Ainsi Il était complètement illogique à l’époque de la bulle Internet (pour parler d’un crac encore frais dans nos esprits) de miser sur n’importe quelle société sous prétexte qu’elle évoluait sur ce marché; d’afficher des valorisation complètement déconnectées des notions basiques de chiffre d’affaires, marges et rentabilité ; et enfin d’investir aujourd’hui sur les nivaux de valorisation attendu dans 10 ou 20 ans.

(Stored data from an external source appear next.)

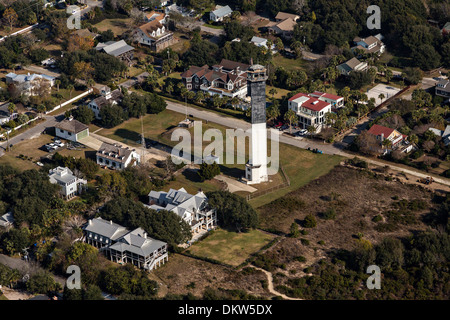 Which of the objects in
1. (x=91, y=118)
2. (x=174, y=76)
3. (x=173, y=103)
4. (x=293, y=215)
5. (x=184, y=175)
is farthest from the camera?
(x=174, y=76)

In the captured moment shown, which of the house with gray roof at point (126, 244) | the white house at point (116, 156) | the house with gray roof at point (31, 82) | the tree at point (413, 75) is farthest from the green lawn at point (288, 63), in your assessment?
the house with gray roof at point (126, 244)

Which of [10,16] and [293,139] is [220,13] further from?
[293,139]

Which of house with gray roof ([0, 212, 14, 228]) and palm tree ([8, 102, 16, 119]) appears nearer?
house with gray roof ([0, 212, 14, 228])

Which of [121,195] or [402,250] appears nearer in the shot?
[402,250]

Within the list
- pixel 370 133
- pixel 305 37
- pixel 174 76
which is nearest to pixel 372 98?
pixel 370 133

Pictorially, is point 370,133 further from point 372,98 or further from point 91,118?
point 91,118

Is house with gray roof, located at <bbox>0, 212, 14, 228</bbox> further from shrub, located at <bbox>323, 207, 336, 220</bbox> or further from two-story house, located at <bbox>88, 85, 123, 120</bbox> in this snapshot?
shrub, located at <bbox>323, 207, 336, 220</bbox>

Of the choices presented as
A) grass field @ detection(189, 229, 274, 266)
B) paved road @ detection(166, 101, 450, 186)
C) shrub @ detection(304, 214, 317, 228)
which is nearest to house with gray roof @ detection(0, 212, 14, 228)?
grass field @ detection(189, 229, 274, 266)
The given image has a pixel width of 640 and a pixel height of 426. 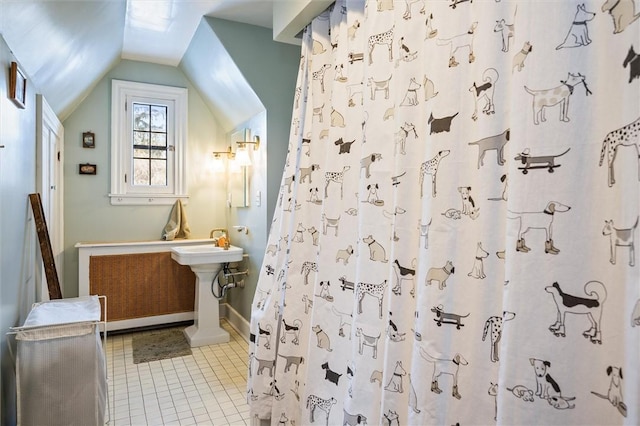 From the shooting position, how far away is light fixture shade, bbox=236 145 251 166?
10.9 feet

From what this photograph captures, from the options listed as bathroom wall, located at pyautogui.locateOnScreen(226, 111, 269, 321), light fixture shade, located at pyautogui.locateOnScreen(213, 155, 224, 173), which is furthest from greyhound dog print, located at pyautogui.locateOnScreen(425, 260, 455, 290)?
light fixture shade, located at pyautogui.locateOnScreen(213, 155, 224, 173)

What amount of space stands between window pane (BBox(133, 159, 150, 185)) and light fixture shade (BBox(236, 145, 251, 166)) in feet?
3.90

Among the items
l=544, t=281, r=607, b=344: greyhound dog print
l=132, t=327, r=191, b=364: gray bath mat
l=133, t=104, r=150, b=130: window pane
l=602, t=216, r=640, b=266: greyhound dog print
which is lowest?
l=132, t=327, r=191, b=364: gray bath mat

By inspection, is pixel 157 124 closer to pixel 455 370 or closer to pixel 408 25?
pixel 408 25

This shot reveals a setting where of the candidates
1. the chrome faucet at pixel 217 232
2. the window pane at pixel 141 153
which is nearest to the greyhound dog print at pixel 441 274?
the chrome faucet at pixel 217 232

Ces erreurs apparaissent aujourd’hui comme un évidence et pourtant le phénomène se reproduit de la même façon et pour les même raisons :

Tout le monde veut investir dans l’immobilier, à côté de chez soi car c’est plus rassurant, dans sa ville car c’est une valeur sûre en plein développement, en ne regardant qu’un prix global  sans le mettre en relation avec le produit et son marché… : 90 % de la population peut actuellement tenir se raisonnement et pourtant nous n’allons pas tous nous enrichir…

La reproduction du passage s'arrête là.